Hunting Malicious Domains: Introducing DomainTools Threat Profile

NOTE: Iris Detect has supplanted PhishEye, with dramatically expanded capabilities. Please explore Detect for your brand protection, anti-fraud, and spoof infrastructure analysis needs.

“Every path you take, every domain registration you make, we’ll be watching you.”

Summary (TL;DR)

We created Threat Profile, a set of supervised machine learning classifiers, to find domains which could become weaponized by bad actors for phishing, malware, or spam campaigns
We find these domains before they are weaponized; we think of them as domains registered with “malicious intent”
The accuracy of our classifiers is pretty darn good
We created a new machine learning infrastructure, called the Crank, to make quick changes, run experiments, and automatically evaluate the results,
We have a dedicated Data Science and R&D team so that we’ll constantly stay one step ahead of the bad actors
You can easily integrate the Threat Profile score into your firewall rules, Splunk, or other threat intelligence processes
It’s in beta now, and will be released soon

Introduction

There are, unfortunately, bad actors on the Internet who register, weaponize, and deploy domains as part of phishing, malware, or spam campaigns. Malicious domains make the internet a less safe and more annoying place for everyone. Our goal is to identify and flag these domains—domains registered with “malicious intent”—before they are weaponized and they “Cry ‘Havoc!’, and let slip the dogs of war”.
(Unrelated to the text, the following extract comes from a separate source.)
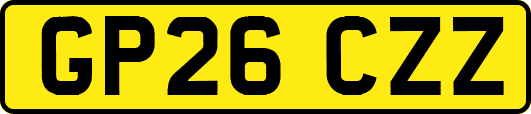 GP26CZZ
So, we’ve invested heavily in Data Science and R&D over the last 18 months to create Threat Profile, a component of the DomainTools Risk Score that you can use to augment your existing threat intelligence processes. We think of domains with a high Threat Profile score as belonging on a “domain watchlist”, domains which we believe may become dangerous in the near future. An overview of Threat Profile is shown in Figure 1.
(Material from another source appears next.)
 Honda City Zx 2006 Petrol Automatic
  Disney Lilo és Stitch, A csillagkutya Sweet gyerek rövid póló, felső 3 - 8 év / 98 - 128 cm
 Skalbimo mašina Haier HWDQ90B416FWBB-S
Threat Profile embodies our belief that bad actors make the Internet a less safe and more annoying place for everyone.

Figure 1: An overview of the Domaintools Threat Profile, showing how malicious domain data is used to train classifiers which then generate risk scores on new and and updated domain registrations

What is a Threat Profile?

A Threat Profile is our view into the mindset of bad actors: how they determine which domains to register and how they set up their malicious infrastructure. From that view, we’ve created a set of three machine learning classifiers: one for phishing, one for malware, and one for spam.
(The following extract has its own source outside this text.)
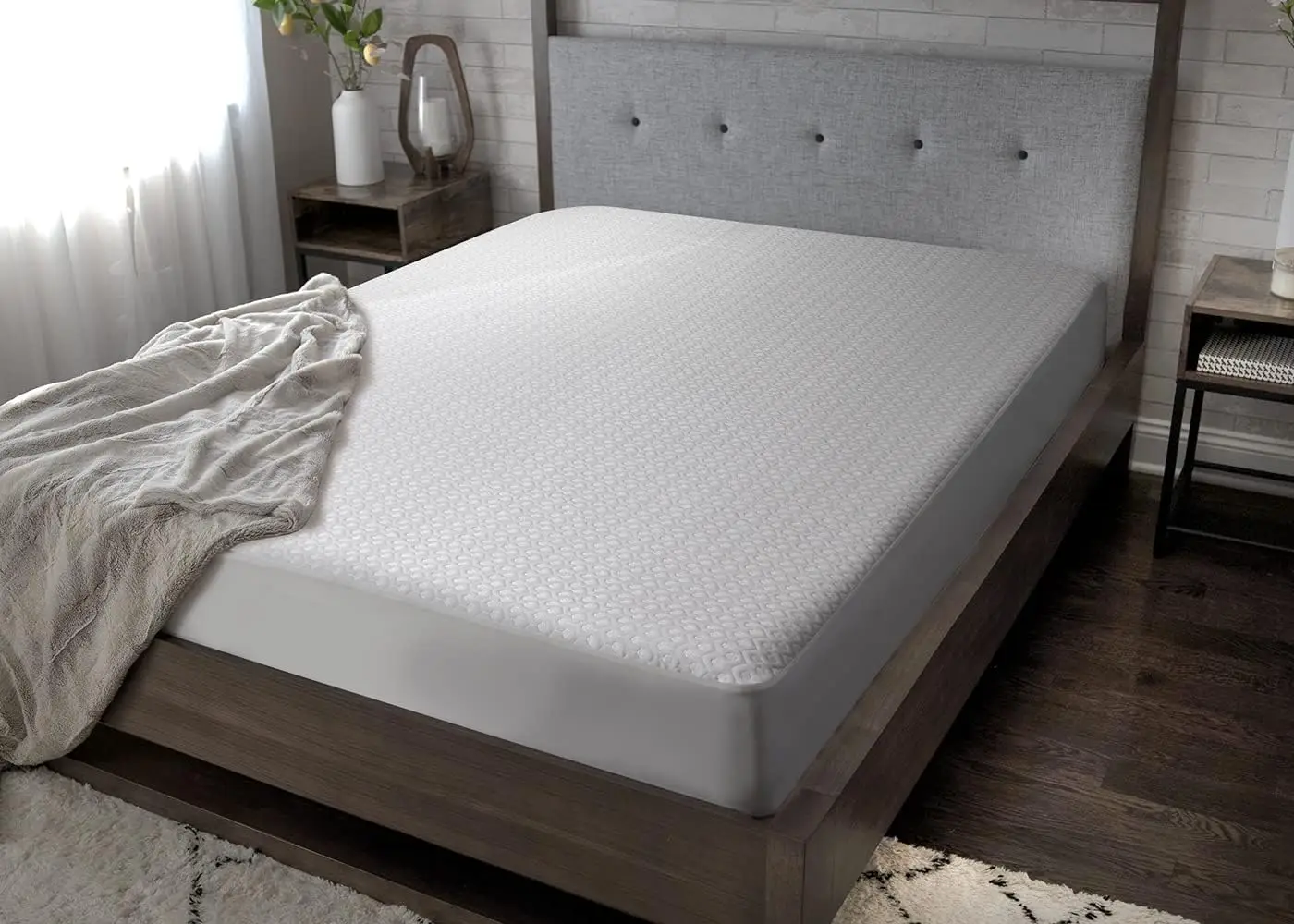 BedGear Dri-Tec Mattress Protector 3 BedGear Dri-Tec Mattress Protector - Image 3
Each classifier is independently engineered, trained, and optimized to find domains registered with malicious intent. We use the same high-quality industry and vendor blocklist information as the Proximity component of the Risk Score, as well as our extensive Whois and DNS databases, to identify important domain features against which we train our classification models. Each model is repeatedly tested and optimized over time to validate its accuracy.

These classifiers analyze all new and updated domain registrations, generating scores indicating our belief that a given domain has malicious intent. Specifically, our models look for domains that may become weaponized anytime within next 18 months. A high score doesn’t guarantee badness; a bad actor may register many domains but only end up using a few, but our Threat Profile classifiers are designed to find all such domains registered by bad actors whether or not they ever become weaponized.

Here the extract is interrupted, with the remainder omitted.